• Task requirements
Would you transcribe exactly the lines from the beginning of the records below through the line with "bearded man singing and woman", both included, omitting the pictures?

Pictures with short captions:
= Beginning of Section =

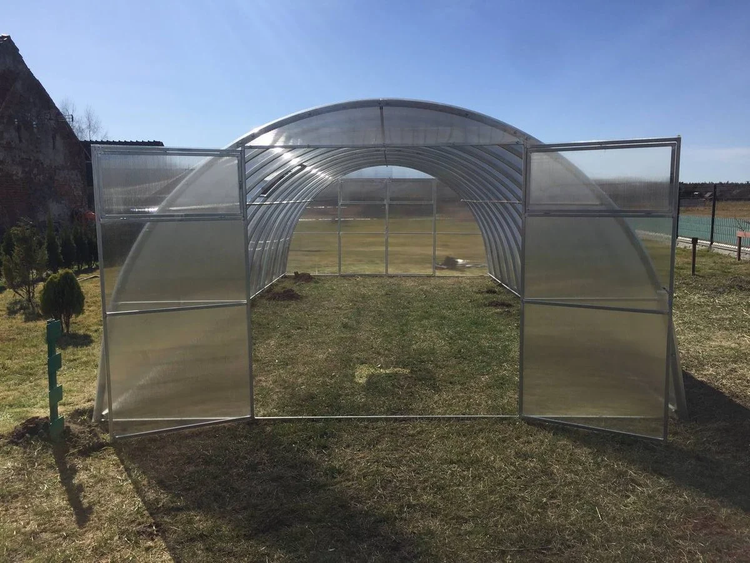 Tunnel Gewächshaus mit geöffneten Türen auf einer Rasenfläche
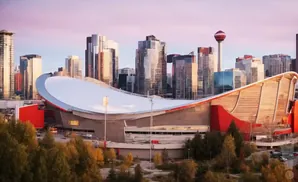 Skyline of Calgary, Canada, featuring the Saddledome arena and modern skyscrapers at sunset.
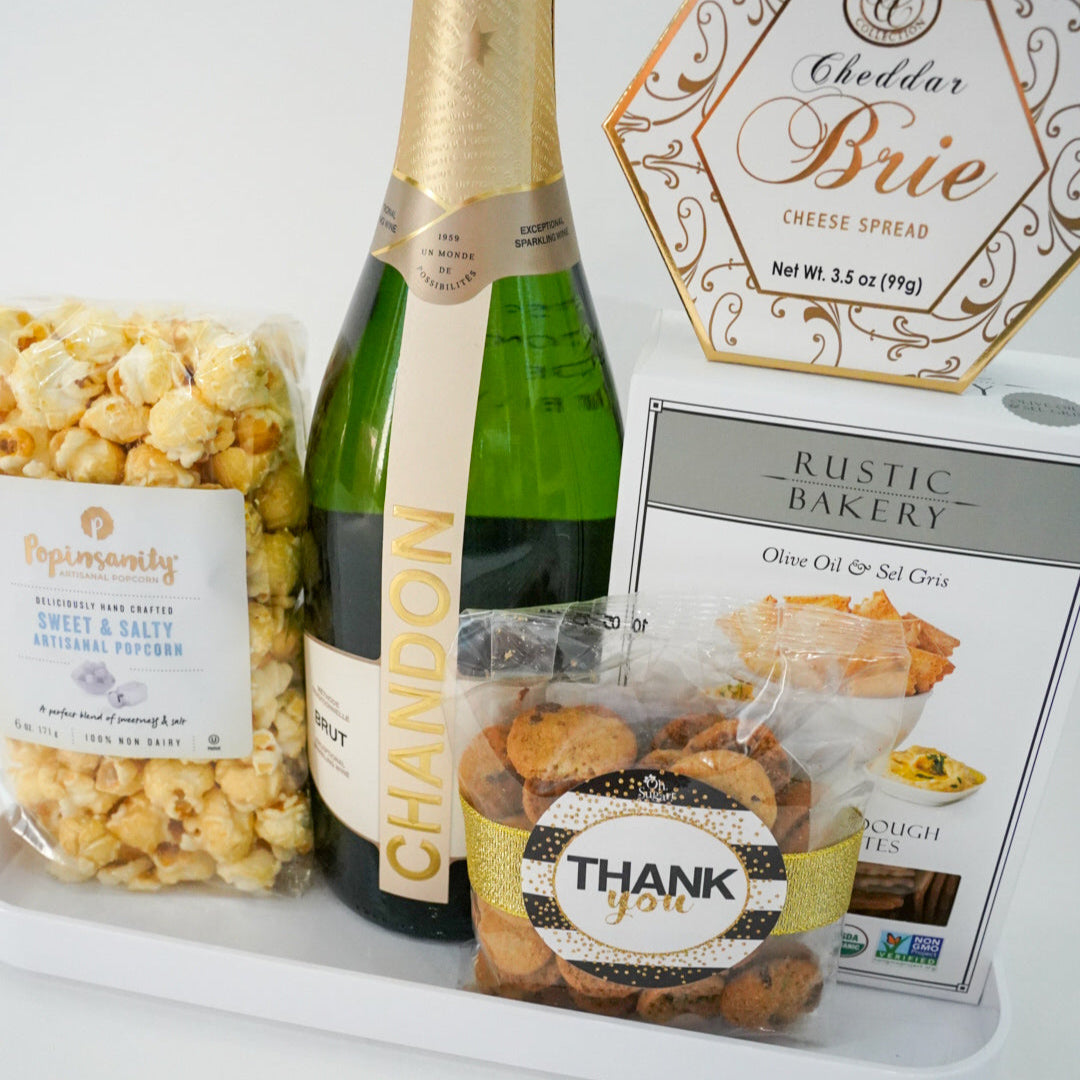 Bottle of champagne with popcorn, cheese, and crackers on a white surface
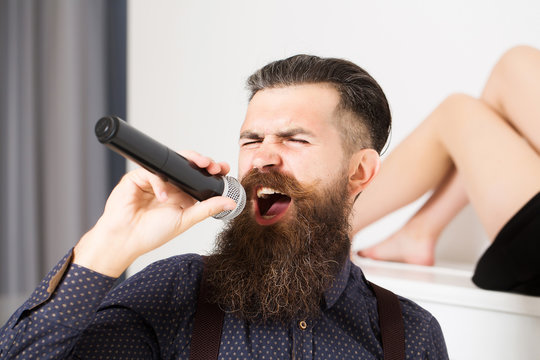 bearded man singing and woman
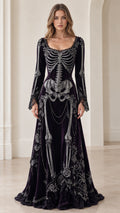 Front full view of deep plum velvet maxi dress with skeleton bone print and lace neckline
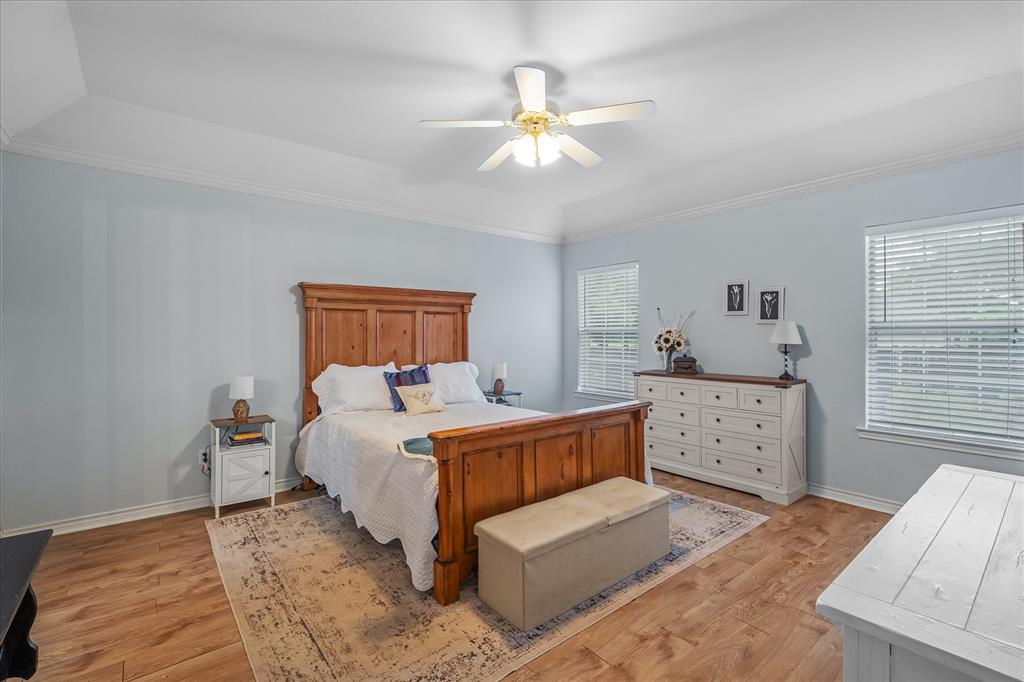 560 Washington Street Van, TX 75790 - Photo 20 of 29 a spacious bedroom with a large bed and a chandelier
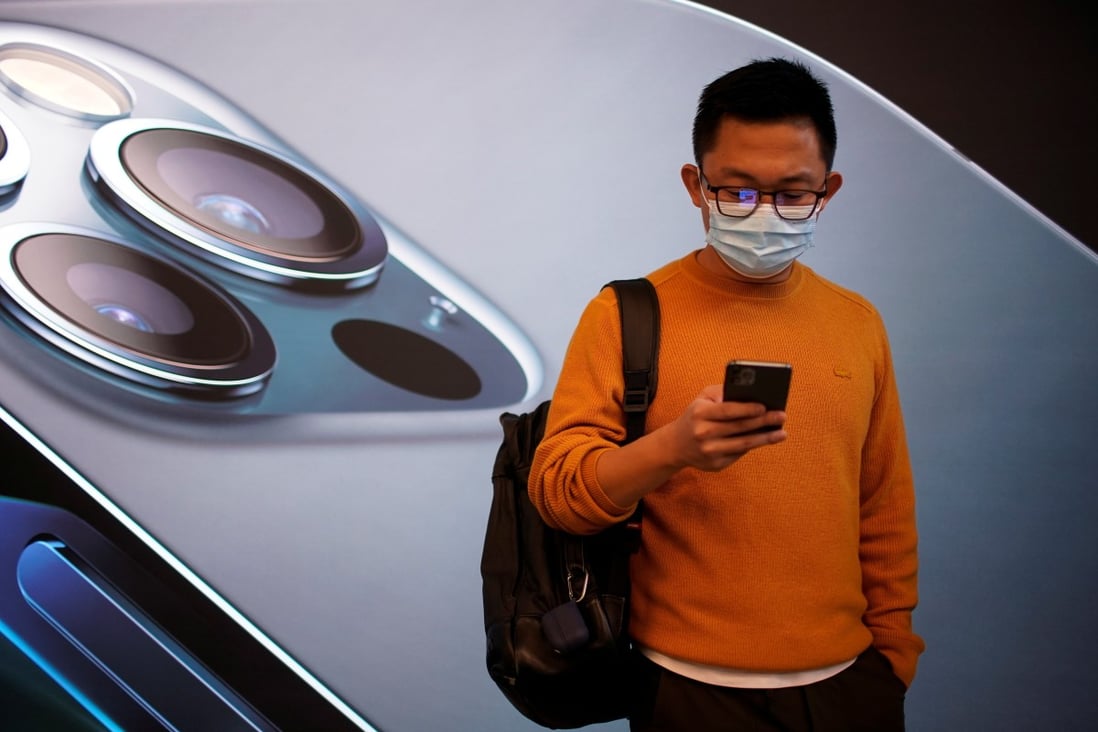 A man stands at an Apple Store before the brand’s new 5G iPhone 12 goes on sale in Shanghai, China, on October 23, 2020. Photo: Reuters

= End of Section =

• Expected output
 Tunnel Gewächshaus mit geöffneten Türen auf einer Rasenfläche
 Skyline of Calgary, Canada, featuring the Saddledome arena and modern skyscrapers at sunset.
 Bottle of champagne with popcorn, cheese, and crackers on a white surface
 bearded man singing and woman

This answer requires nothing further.